Shortly before 6 am, the muezzin calls the Muslim faithful to prayer as Lamu city slowly rouses from sleep. A pale yellow sun rises over the sea and begins to warm the air. Donkeys trot slowly along the labyrinth of narrow alley ways.
At the corners of the streets lie mounds of uncollected garbage in the little spaces left between the storied houses. At them Ghalib Ahmed, a businessman and owner of Bush Garden Hotel deplores the current state of Lamu, saying that the threat of losing the World Heritage Status is a real shame for the city.
The touristic gem could scrapped from the United Nations Educational, Scientific and Cultural Organization (UNESCO) World Heritage List because of pollution being caused by a growing number of motorcycles.
A ban on boda bodas
Bodabodas are used in many eastern African countries
“There must be a way to accommodate boda bodas (motorcycle taxis) if we cannot remove them,” Ahmed told DW. He added that the government is not fulfilling its obligations, but also: “We must educate the people of Lamu on the importance of the world heritage city.”
In August, after being warned by UNESCO, the administration banned the boda bodas from the Old Town. There have been protests by the rider of the two-wheel taxis, who complain that the ban has hurt their earnings.
The county government has now set aside specific zones for motorcycles to pick up and drop passengers to accommodate business people, passengers and locals. According to the deputy governor Abdulhakim Aboud Bwana keeping Lamu on the heritage site must not become a burden for the islanders. “Firstly, we want the people of Lamu to feel that Lamu being a heritage site is working for them. Secondly, if you look at the issue of motorbikes, we want people to enjoy being served by these motorbikes.”
A unique culture
Donkey droppings are a problem in Lamu
This must be done in a way that does not threaten the heritage site, the deputy governor told DW. “As we know, it is a very small fraction of Lamu town. We have proposed penalties, but we don’t want to go that far. We want to have a situation where everybody knows and respects that this is ours,” he said.
Lamu Old Town was accorded UNESCO heritage site status in 2001. The town was founded as a Swahili settlement in the 14th century. But the island has seen many visitors come and go and all influenced the culture including Portuguese explorers, Turkish traders and Omani Arabs.

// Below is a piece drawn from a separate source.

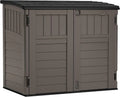 34 Cu. Ft. Horizontal Resin Storage Shed With Locking System, Stoney/Black - 53in D x 32.25in W x 45.5in H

While they have left their mark, Lamu developed its own particular culture, which has ultimately endured.
Lamu’s narrow streets have remained unchanged throughout the centuries. In the markets and squares around the fort life moves on at the same pace as it always has. Abdusamad Ali is a local fisherman and comedian in Lamu. He feels that there are bigger problems than the boda bodas, like the trash on the streets. “Most tourists prefer to stay in Shella instead of Lamu because it is cleaner.” The place needs to get cleaned up. “Scoop up the donkey poo and get rid of the garbage,” Ali told DW.